### [TASK OBJECTIVE]
From the first line of the listing to the last, set down everything exactly, but skip the images.

[DATA SHOWN — start]

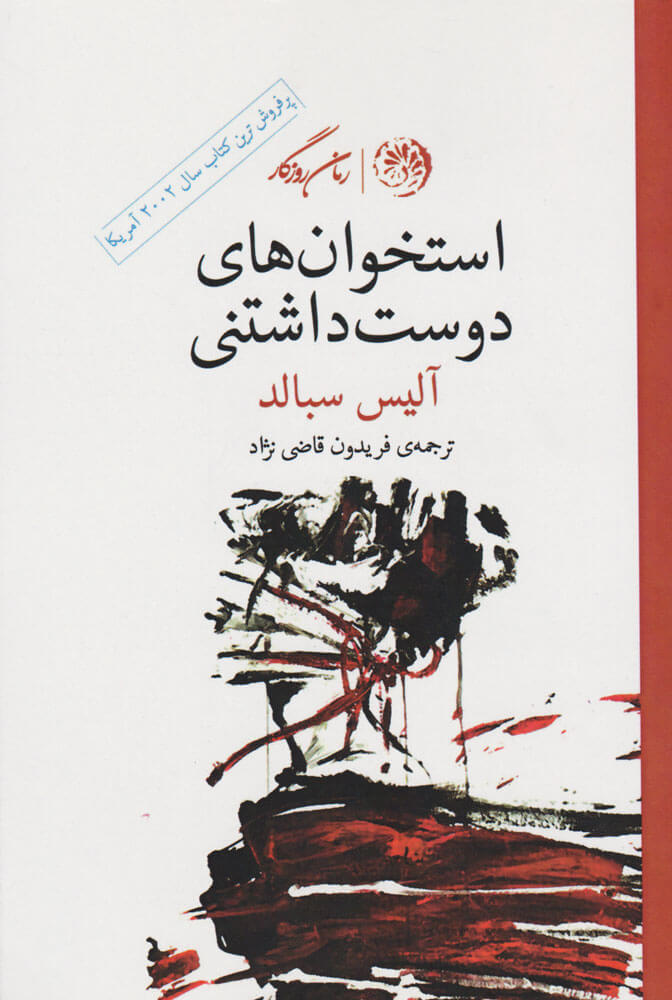 پایانه - استخوان های دوست داشتنی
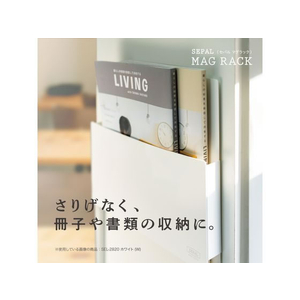 セキセイ セパル マグラック A4 ヨコ ライトグレー FCU5749-SEL-2820-61-イメージ6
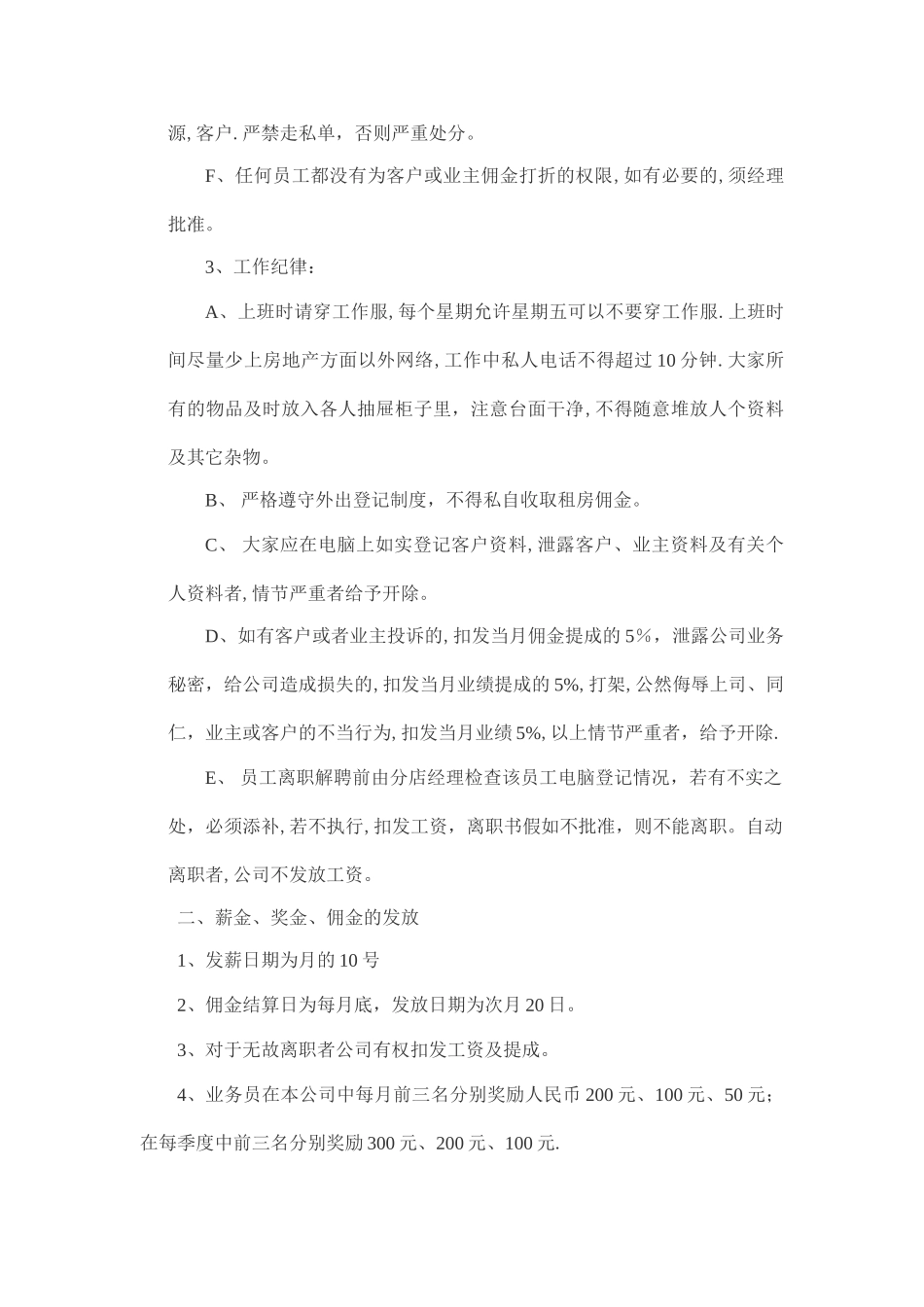 小规模中介公司管理制度_第2页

[DATA SHOWN — finish]

### [RESPONSE BELOW]
 پایانه - استخوان های دوست داشتنی
 セキセイ セパル マグラック A4 ヨコ ライトグレー FCU5749-SEL-2820-61-イメージ6
 小规模中介公司管理制度_第2页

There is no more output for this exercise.